Let $0\le r \le 1$. By generalising A definite integral involving a logarithm and trigonometric functions. we consider a following integral: \begin{equation} \mu_d(r):=\int\limits_{||\vec{x}||=1} \log\left[1+r \cdot \sum\limits_{j=1}^d x_j \right] d S \end{equation} here $dS$ is a surface element of the $d$-dimensional sphere. This quantity can be viewed as an expectation of the log of wealth of a fund placing a constant bet $r$ on a cumulative random walk process with iid uniformly distributed returns subject to sum of the squared returns being equal to unity. Note that since the function $\log(1+\cdot)$ is not symmetric with respect to the origin the quantity above will always be negative. In other words such a fund is supposed to be loosing money on average. Now by using spherical coordinates and the expansion of the logarithm we found the following result. \begin{equation} \mu_d(r) = -\pi^{d/2} \sum\limits_{n=1} \frac{(\frac{d}{4} r^2)^n}{n \cdot n!} \cdot \frac{(2 n)!}{(n+\frac{d-2}{2})!} \end{equation} It turns out that the series above have neat closed form expressions. In fact we have: \begin{eqnarray} \mu_2(r) &=& 2 \pi \log \left(\frac{1}{2} \left(\sqrt{1-2 r^2}+1\right)\right) \\ \mu_3(r) &=& \frac{2 \pi \left(3 r \log \left(1-3 r^2\right)-6 r+2 \sqrt{3} \tanh ^{-1}\left(\sqrt{3} r\right)\right)}{3 r} \\ \mu_4(r) &=& \frac{\pi ^2 \left(-\sqrt{1-4 r^2}+2 r^2 \left(\log \left(r^2\right)+2 \tanh ^{-1}\left(\sqrt{1-4 r^2}\right)-1\right)+1\right)}{2 r^2} \end{eqnarray} Now, my question is twofold. Firstly, can we find closed form expressions for the quantity in question for arbitrary values of $d$. Secondly how do we compute the following quantity: \begin{equation} \Theta_d := \int\limits_0^\infty \mu_d(r) r^{d-1} \frac{e^{-\frac{r^2}{2}}}{(2 \pi)^{d/2}} dr \end{equation} meaning the expected logarithm of wealth over all possible Gaussian distributed random walks.
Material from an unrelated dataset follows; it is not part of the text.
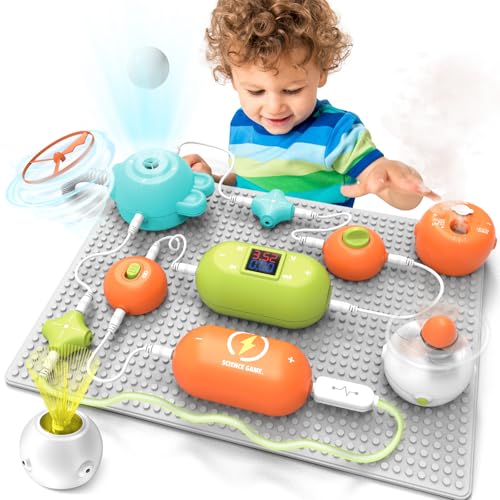 31 Circuit Parts Electronics Exploration Science Kit P9425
Surface integral over a $d$-dimensional unit sphere
1 Answers
Here we address the first question namely we derive closed form expressions for the quantity $\mu_d(r)$. We need to distinguish two cases of $d$ being either even or odd. We have: \begin{equation} \mu_d(r) = \left\{ \begin{array}{rr} -(\sqrt{\pi})^{d-1} \cdot \sum\limits_{n=1}^\infty \frac{(-d r^2)^n}{n^{(\tilde{d})}} \cdot \binom{-\frac{1}{2}}{n} & \mbox{if $d=2 \tilde{d}$}\\ -(\sqrt{\pi})^{d-1} \cdot \sum\limits_{n=1}^\infty \frac{(d r^2)^n}{(n+\frac{1}{2})^{(\tilde{d})}} \cdot \frac{1}{n} & \mbox{if $d=2\tilde{d}+1$} \end{array} \right. \end{equation} Now we use the integral representation of the beta function to eliminate the inverses of the Pochammer symbols. This leads to the following results: \begin{eqnarray} &&\mu_{2 \tilde{d}}(r) = -\frac{2 \pi^{\tilde{d}}}{(\tilde{d}-1)!} \cdot \\ && \left( -\log\left[\frac{1}{2}(1+\sqrt{1-d r^2}\right] + \sum\limits_{p=1}^{\tilde{d}-1} \binom{\tilde{d}-1}{p} (\frac{-2}{\tilde{d} r^2})^p \cdot (\beta(p+1,p) - \beta_{\frac{1}{2}(1+\sqrt{1-d r^2}}(p+1,p))) \right)\\ &&\mu_{2 \tilde{d}+1}(r) = \frac{\pi^{d-1}}{(\tilde{d}-1)!} \cdot \\ &&\sum\limits_{p=0}^{\tilde{d}-1} \binom{\tilde{d}-1}{p} \frac{(-1)^p}{(d r^2)^{p+1/2}} \cdot \left(\frac{(d r^2)^{p+1/2}}{p+1/2} \log(1-d r^2) + \beta_{d r^2} \left(p+\frac{3}{2},0\right)\right) \end{eqnarray} where $\beta_x(a,b)$ is the incomplete beta function.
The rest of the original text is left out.